◆ **What you are asked to do**
Look through the entries below and extract exactly the lines from the one containing "Don't Let It" through the one containing "皇马欧冠淘汰赛主场逆转取胜，维尼修斯制胜助球队晋级四强", ends included.

◆ **Records provided**

*-*-*

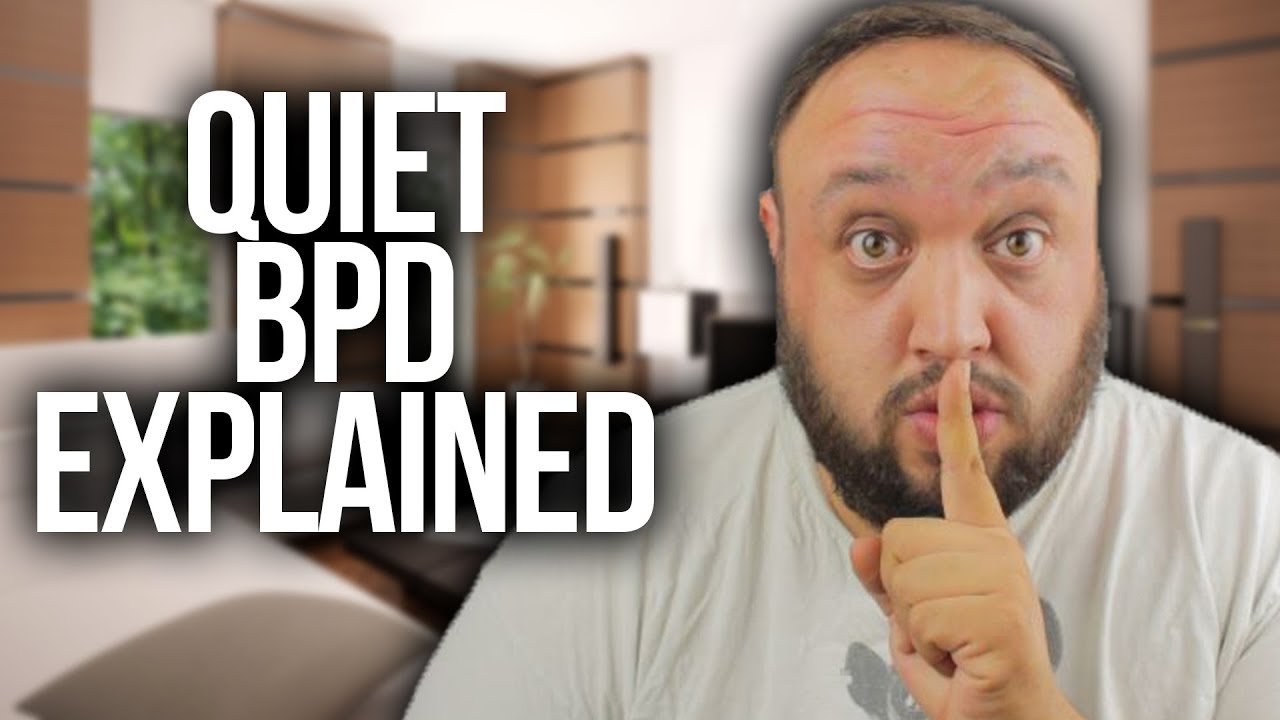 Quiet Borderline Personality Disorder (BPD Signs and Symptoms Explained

*-*-*

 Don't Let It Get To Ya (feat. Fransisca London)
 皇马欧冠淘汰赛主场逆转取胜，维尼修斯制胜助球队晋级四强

*-*-*

◆ **Exercise answer**
 Don't Let It Get To Ya (feat. Fransisca London)
 皇马欧冠淘汰赛主场逆转取胜，维尼修斯制胜助球队晋级四强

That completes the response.